Autumn is a season of considerable change. The team of nature diarists tries to reflect the seasons and to record change. September 2021, the month of the autumn equinox, has been eventful. This month’s diaries began with Dennis Elphick’s graphic accounts of the behaviour of birds that call in to the national nature reserve at Slapton Ley. Here, reed beds offer shelter. The availability of specialist food supplies attracts migratory species such as Swifts, Swallows, Sedge Warbler and Reed Warbler. Unusual birds also arrive. As this week’s diary was in progress, I walked along Slapton Line with a friend and saw a Snow Bunting, on the shingle ridge, searching for seeds. A nomadic bird, travelling long distances from Iceland and Scandinavia, this Bunting is a rarity in the south west.
Meantime, there are resident birds which are equally attractive. They also like to eat seeds.
The founder of the nature diaries, Gordon Waterhouse, was about to cut down the colony of Knapweed which he had safeguarded in his garden, when he realised that some twenty Goldfinches were feeding from the plants’ seed heads. The food source was saved!

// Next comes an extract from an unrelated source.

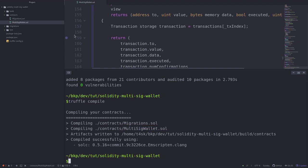So I've showed you how to set up a Truffle project and compile a contract. In the next video I'll show you how to test this contract.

Now, I write in the last days of September 2021. It has been an unusually warm, dry, month. High pressure, with barely any breeze and with spectral misty-moonlit nights, has prevailed. The predominant colour of Slapton’s ley-side path has become brown. There are sculptural seed heads of long-dead umbellifers, particularly wild carrot (Daucus carota). There are the remains of sea radish (Raphanus raphanistrum ssp maritima) which, in its abundance last year, threatened to take over. There is Hogweed (Heracleum sphondylium), a coarse plant, notable more for its size and stature than its botanical eloquence.

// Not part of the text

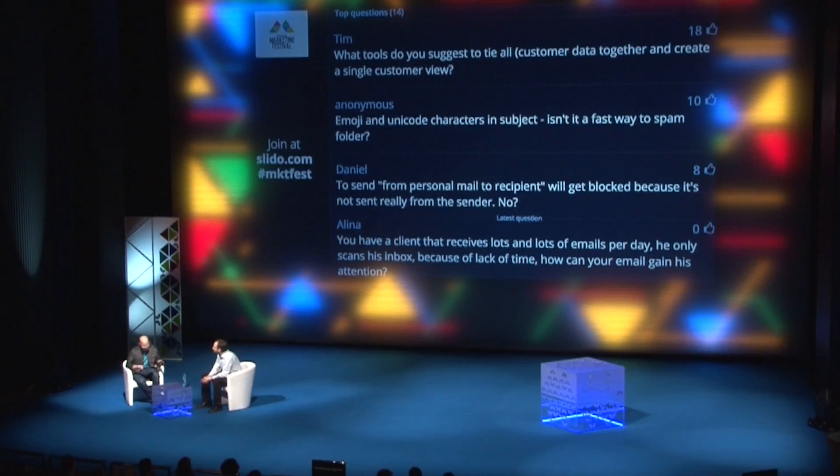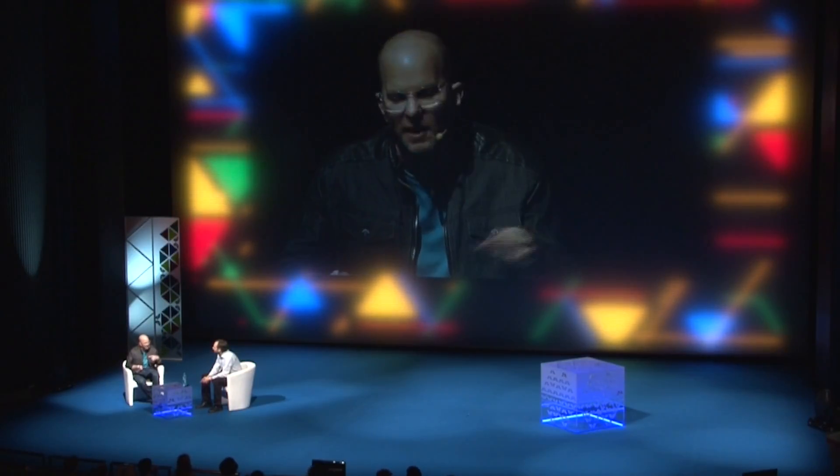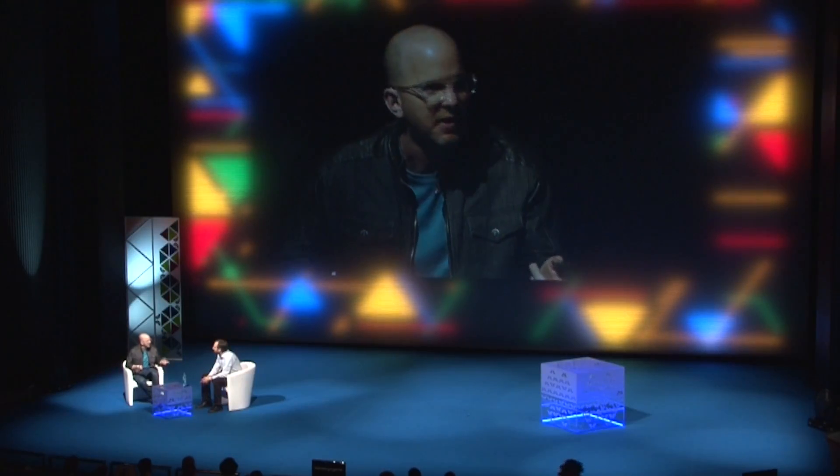A lot of people are interested in email best practices — going back to the emoji and Unicode, there's concern about when does that get spammy and are you more likely to go into a spam folder if you use emoji? We haven't seen any deliverability issues with using emoji.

Amongst these graded browns and beiges, colour stands out, particularly that of Common Toadflax (Linaria vulgaris). Why is it noticeable? For a start, it is bright yellow, with attractive orange bulges, known as bosses, which protect and close the flower head. Secondly, at Slapton, storm events in recent years, with the overthrow of high tidal water, have enabled the plant’s seed spread into the growth of large pools of colour along the leyside path.

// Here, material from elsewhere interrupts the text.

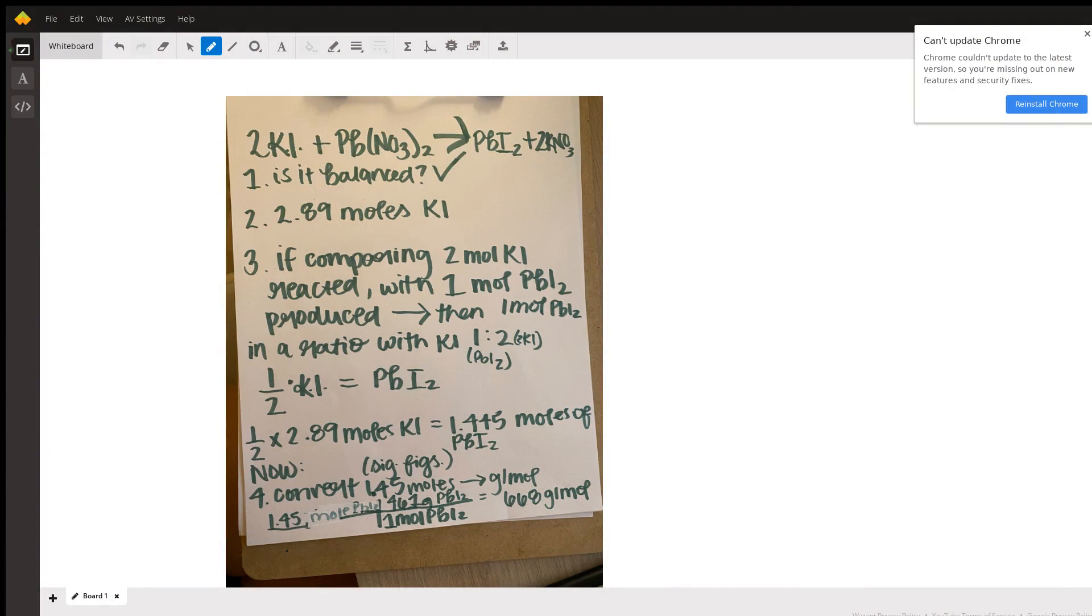In this question, it's asking for the mass of lead 2 iodide that's produced from 2.89 moles of potassium iodide. The first thing in the chemical reaction that you're going to want to do is ensure that all of the elements are balanced.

This is a flower which has evolved sophisticated strategies. Also known in the vernacular as "Butter and Eggs" the flower uses its psychedelic colour scheme to attract late autumn insects. What else might attract insects? Well, food, of course. But, hey! How do you find food within the complicated structure of a toadflax flower? First, find your landing ground. Toadflax flowers point skywards: the optimum angle for insect attraction. Each flower has a lip - a convenient landing ground. When it lands, the weight of the insect, particularly bees, opens the flower.
Here’s where the flower has added attractions. It has a long, stylish, tube, known as a spur. This spur conceals secretions of liquid sugary nectar - a "reward" for the insect’s endeavour. In collecting nectar, the insect also brushes against the flower’s store of pollen. A transfer of pollen from one plant to another aids fertilisation and the creation of new seed.
Of course, predators are involved - insects which have evaded the flower’s original pollinating byways and have learnt the quick-release skill of accessing nectar. In the case of Common Toadflax, the insect predators snip through the spur at the base of the flower. Have a look at some Toadflax flowers: you may see that the spur has been damaged. A small hole evinces the raiding of a nectar store.
My contribution to mark the equinoctial changes of September is thus a motley collection of observations, both from the South Hams, and for the autumn equinox. It reflects a range of skills on the part of the observers. Above all, it is an important record of personal interests and the desire to note natural phenomena.